[Data to process Boundary: Start]

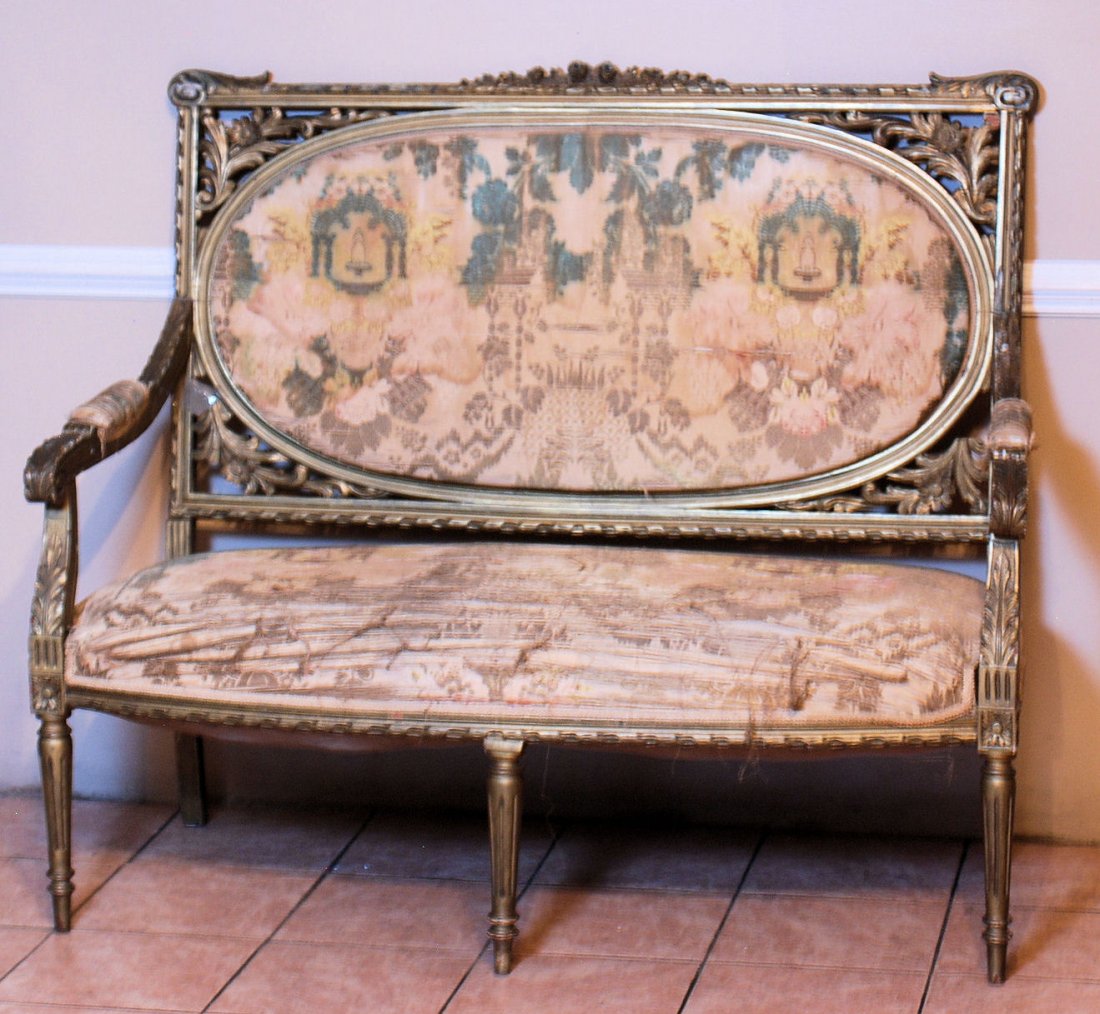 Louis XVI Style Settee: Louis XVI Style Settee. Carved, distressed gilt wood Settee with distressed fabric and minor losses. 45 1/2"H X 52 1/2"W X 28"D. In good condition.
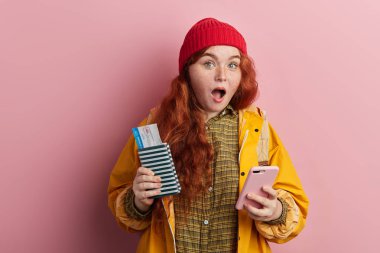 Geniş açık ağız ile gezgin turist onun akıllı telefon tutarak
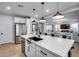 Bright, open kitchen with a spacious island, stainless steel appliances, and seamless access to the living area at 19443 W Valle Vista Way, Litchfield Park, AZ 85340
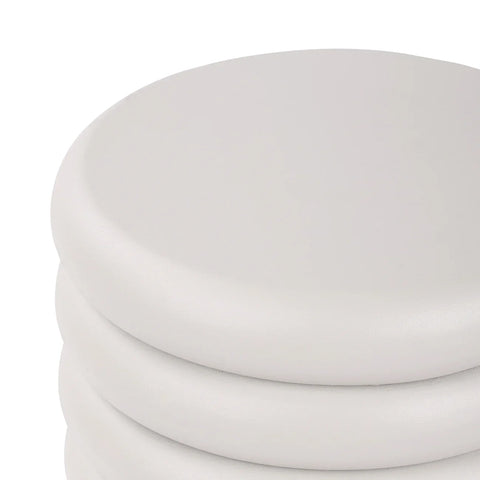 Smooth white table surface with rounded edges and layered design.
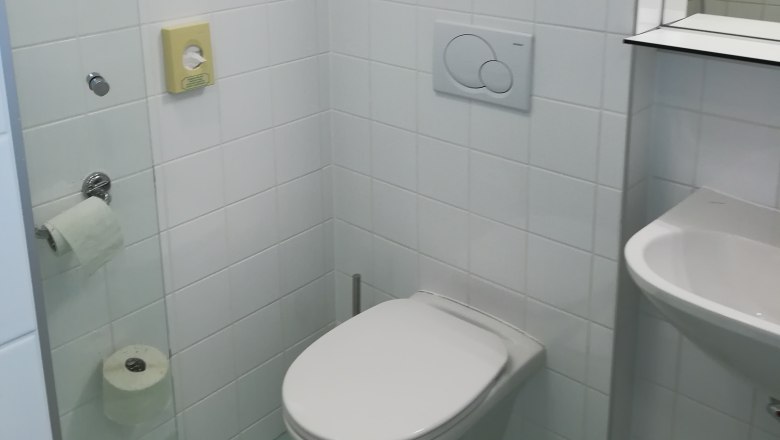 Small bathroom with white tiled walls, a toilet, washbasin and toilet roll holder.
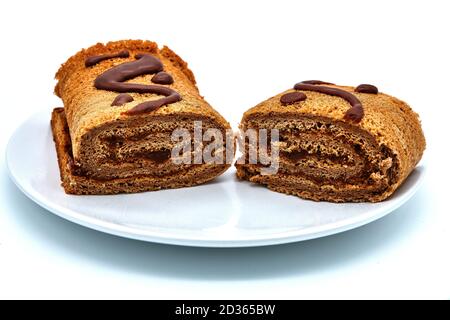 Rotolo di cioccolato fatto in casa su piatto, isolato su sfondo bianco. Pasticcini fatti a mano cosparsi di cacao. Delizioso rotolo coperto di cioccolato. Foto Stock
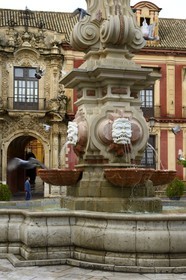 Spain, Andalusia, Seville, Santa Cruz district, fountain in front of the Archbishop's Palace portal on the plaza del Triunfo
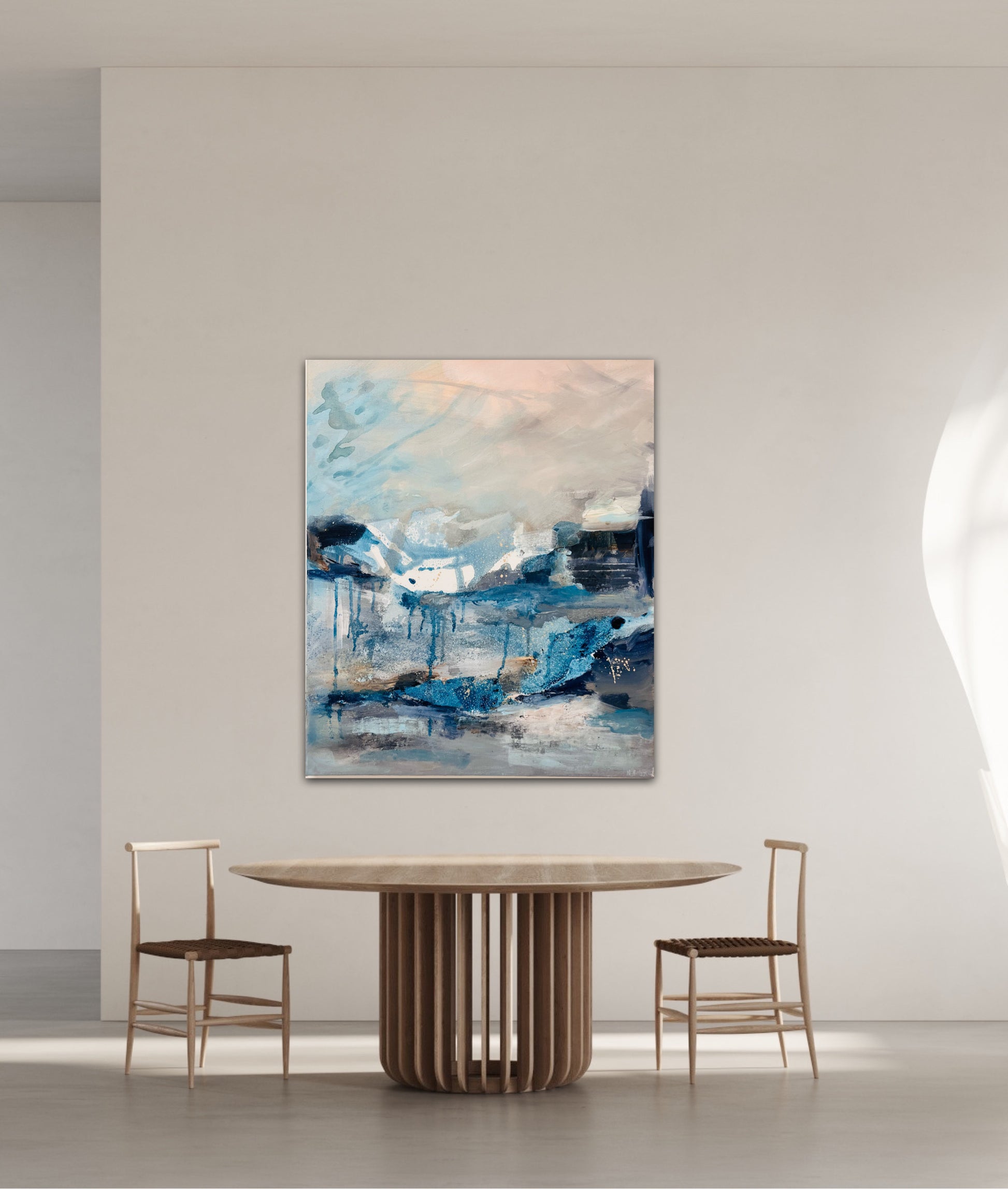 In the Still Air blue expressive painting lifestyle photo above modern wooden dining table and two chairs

[Data to process Boundary: End]

> [Assigned task] Could you output all the entries above exactly as written, leaving out the pictures?

> [Solved exercise]
 Louis XVI Style Settee: Louis XVI Style Settee. Carved, distressed gilt wood Settee with distressed fabric and minor losses. 45 1/2"H X 52 1/2"W X 28"D. In good condition.
 Geniş açık ağız ile gezgin turist onun akıllı telefon tutarak
 Bright, open kitchen with a spacious island, stainless steel appliances, and seamless access to the living area at 19443 W Valle Vista Way, Litchfield Park, AZ 85340
 Smooth white table surface with rounded edges and layered design.
 Small bathroom with white tiled walls, a toilet, washbasin and toilet roll holder.
 Rotolo di cioccolato fatto in casa su piatto, isolato su sfondo bianco. Pasticcini fatti a mano cosparsi di cacao. Delizioso rotolo coperto di cioccolato. Foto Stock
 Spain, Andalusia, Seville, Santa Cruz district, fountain in front of the Archbishop's Palace portal on the plaza del Triunfo
 In the Still Air blue expressive painting lifestyle photo above modern wooden dining table and two chairs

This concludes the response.